# Possible Knock sensor issue



## NissanTxUser (Apr 16, 2007)

Hi,

Can someone advice. 2 years back my car suddenly stopped starting. Took to local PepBoys and they said Knock Sensor (P0325) and Cam Sensor (P0335) needed replacing. Bought these new from dealer and they installed them supposedly. They also said distributor had oil and they cleaned it out. Since then - first time I went for OBD inspection three sensor read 'Not Ready'. Was able to get ASM inspection. The same situation this year. 3 sensors saying 'Not Ready'. Can not get ASM inspection. Check Engine Light comes on during ignition and goes off after starting. Car runs ok.

Questions:
1. Do I really have a bad knock sensor again that needs replacing? (May be PepBoys just did not replace the one I bought and eat my stuff!).

2. Sinec MIL does not show, do I need to replace the sensor? 
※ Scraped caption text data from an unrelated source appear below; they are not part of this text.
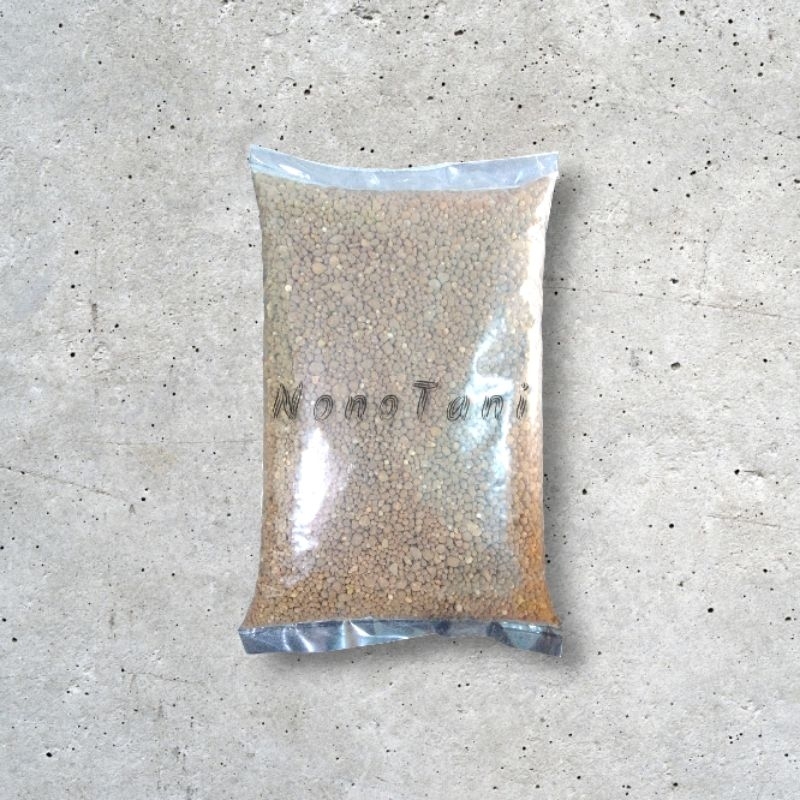 Pupuk NPK 15-15-6-4 Mahkota Repacking 1 Kg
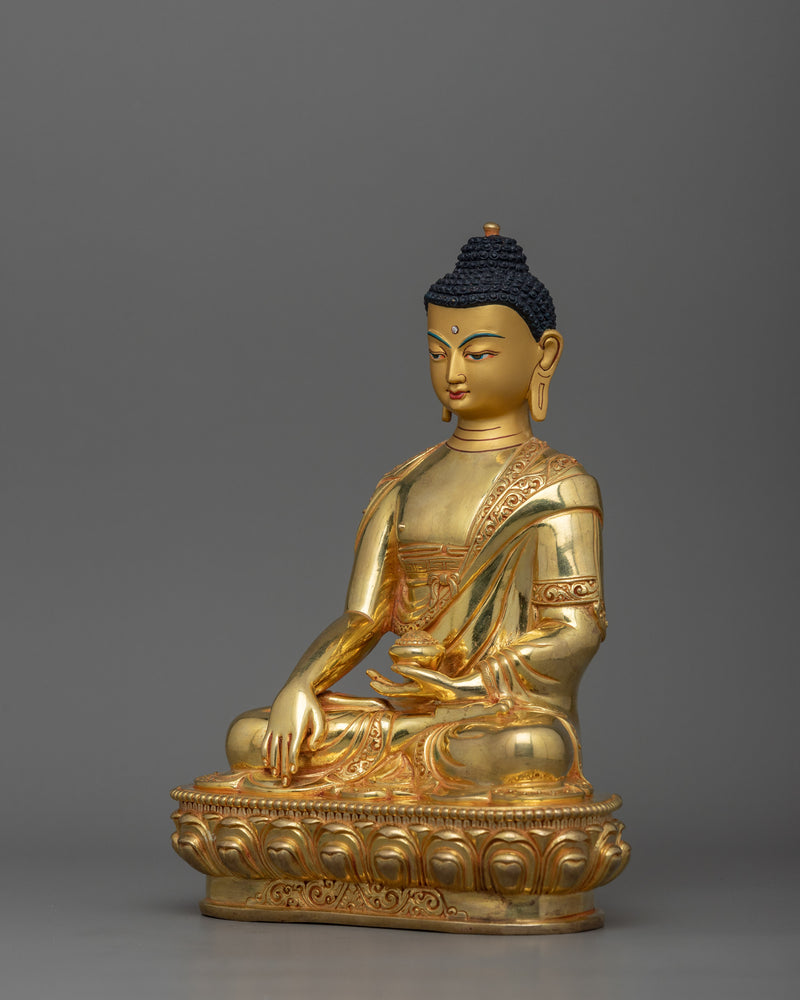 Shakyamuni Buddha Traditional Statue | Perfectly and Fully Awakened One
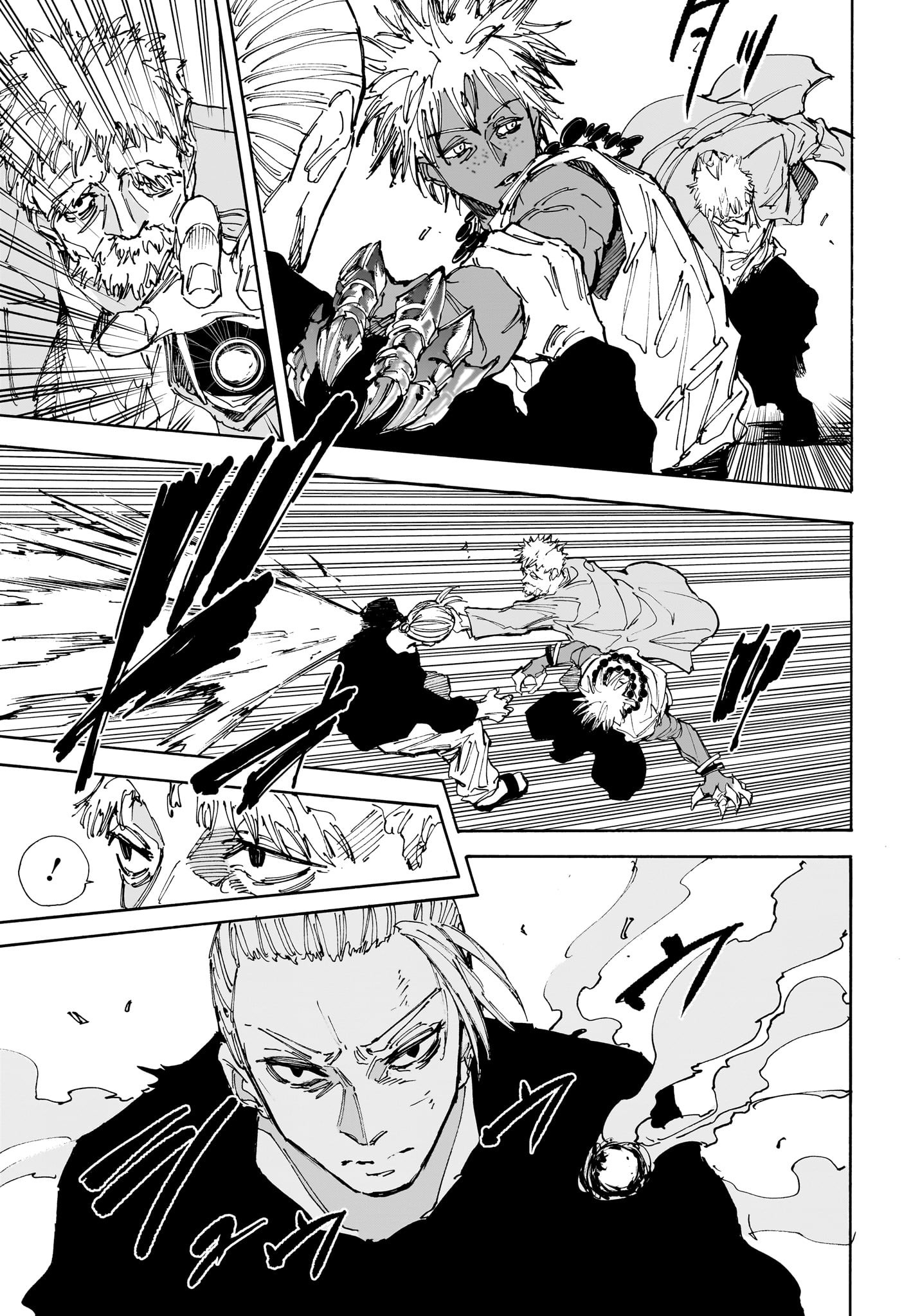 サカモトデイズ raw Chap 218 - Next Chap 219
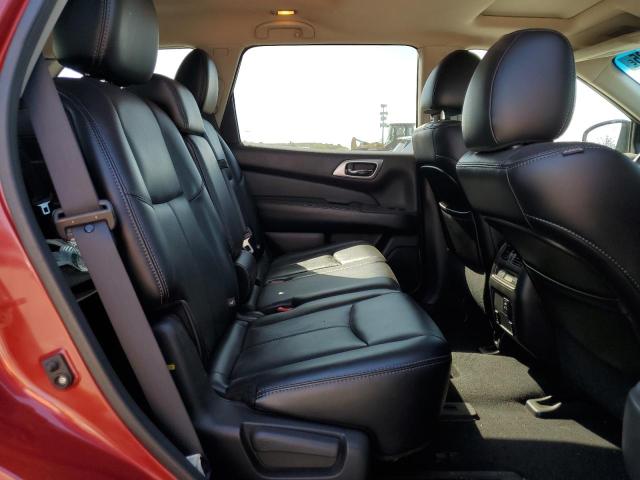 5N1AR2MM5EC715263 - 2014 NISSAN PATHFINDER S Червоний фото 11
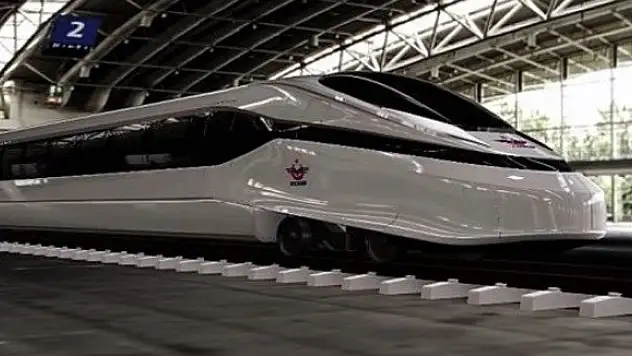 İşte milli hızlı trenimiz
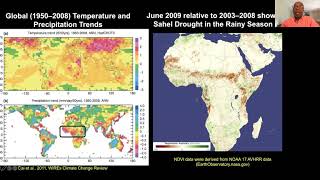 COESSING 2020: "Satellite-enabled Environmental Research in West Africa" by Prof. Ichoku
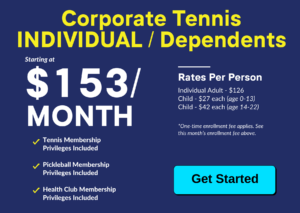 Wheaton Sport Center Corporate Tennis Individual Dependents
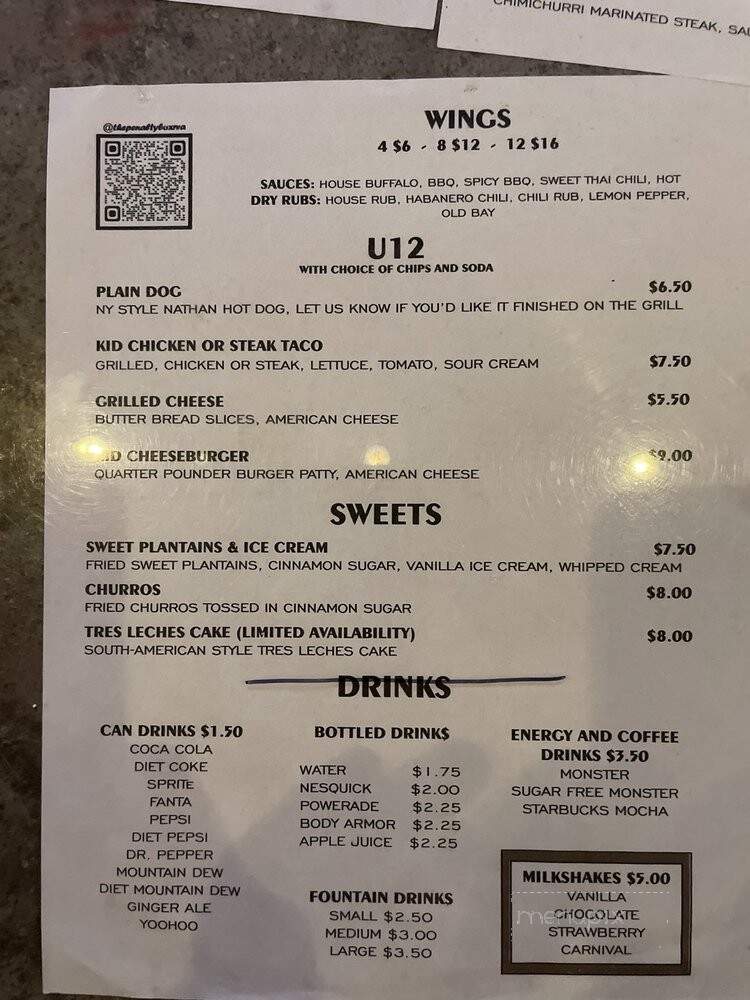 The Penalty Box - Midlothian, VA menu_pic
3. I might feel some knocks - but think that it could just be old age of car. Car has 96,000 miles and replaced spark plags at 69,000 miles.

Thanks


----------



## LONDONDERRY (May 19, 2004)

First off the the knock sensor was and is working fine. This sensor trips because of the poor running condition of the car, so its working fine and does not need replacing placing. 
Personally the Dealer/ autoparts store replaced a sensor that was probably not bad to begin with, sort of ripping you off.
Bring the car to your local autoshop and have them read the OBD computer to get the codes first. If its the Cam sensor then you need to replace the distributor this time around.

Good Luck
Frank


----------